• [Your task]: Starting at the line that contains "The secret to", return every line through the end of the entries below, exactly and with nothing else.

• [Exercise materials]:
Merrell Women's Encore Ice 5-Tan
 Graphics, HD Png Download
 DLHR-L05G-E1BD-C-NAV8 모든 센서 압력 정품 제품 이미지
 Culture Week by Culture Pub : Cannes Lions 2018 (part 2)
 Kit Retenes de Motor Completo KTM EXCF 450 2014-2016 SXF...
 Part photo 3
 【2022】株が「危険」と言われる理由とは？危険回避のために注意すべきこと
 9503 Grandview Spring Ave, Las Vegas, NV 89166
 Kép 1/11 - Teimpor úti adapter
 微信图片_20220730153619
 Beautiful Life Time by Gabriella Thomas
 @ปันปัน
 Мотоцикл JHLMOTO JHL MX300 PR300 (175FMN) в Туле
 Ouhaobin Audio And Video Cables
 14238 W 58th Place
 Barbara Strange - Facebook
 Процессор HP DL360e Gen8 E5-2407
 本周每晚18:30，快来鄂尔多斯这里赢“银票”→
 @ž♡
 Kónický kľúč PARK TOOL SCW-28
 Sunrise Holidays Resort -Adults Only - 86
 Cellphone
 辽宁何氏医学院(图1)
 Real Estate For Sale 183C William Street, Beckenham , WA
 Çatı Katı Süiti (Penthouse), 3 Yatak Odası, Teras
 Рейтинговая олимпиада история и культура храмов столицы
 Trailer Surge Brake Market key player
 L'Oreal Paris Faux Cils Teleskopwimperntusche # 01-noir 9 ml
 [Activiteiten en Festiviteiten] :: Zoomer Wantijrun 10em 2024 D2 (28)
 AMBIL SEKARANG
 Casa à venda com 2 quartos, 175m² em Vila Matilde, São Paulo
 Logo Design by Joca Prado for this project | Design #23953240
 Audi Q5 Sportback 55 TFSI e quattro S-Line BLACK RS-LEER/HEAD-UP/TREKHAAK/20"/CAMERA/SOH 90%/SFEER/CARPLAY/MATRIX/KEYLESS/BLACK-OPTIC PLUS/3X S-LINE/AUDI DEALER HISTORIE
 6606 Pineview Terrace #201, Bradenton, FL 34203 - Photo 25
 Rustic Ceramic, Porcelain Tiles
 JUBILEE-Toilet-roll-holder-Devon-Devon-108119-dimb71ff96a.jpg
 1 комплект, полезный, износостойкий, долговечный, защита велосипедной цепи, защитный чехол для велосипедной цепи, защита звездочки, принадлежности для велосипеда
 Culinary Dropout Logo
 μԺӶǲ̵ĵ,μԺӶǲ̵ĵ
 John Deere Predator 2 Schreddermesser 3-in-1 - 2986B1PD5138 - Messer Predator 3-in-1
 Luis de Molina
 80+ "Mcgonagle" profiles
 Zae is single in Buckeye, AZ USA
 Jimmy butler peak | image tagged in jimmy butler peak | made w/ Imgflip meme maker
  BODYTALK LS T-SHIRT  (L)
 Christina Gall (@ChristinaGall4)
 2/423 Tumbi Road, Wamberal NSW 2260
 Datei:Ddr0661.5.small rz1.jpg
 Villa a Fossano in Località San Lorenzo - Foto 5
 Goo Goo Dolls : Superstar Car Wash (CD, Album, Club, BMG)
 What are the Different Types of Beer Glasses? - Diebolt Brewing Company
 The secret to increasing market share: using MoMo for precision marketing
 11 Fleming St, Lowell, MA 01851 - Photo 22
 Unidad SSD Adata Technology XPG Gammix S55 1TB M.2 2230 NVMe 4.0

• [Reply to the exercise]:
 The secret to increasing market share: using MoMo for precision marketing
 11 Fleming St, Lowell, MA 01851 - Photo 22
 Unidad SSD Adata Technology XPG Gammix S55 1TB M.2 2230 NVMe 4.0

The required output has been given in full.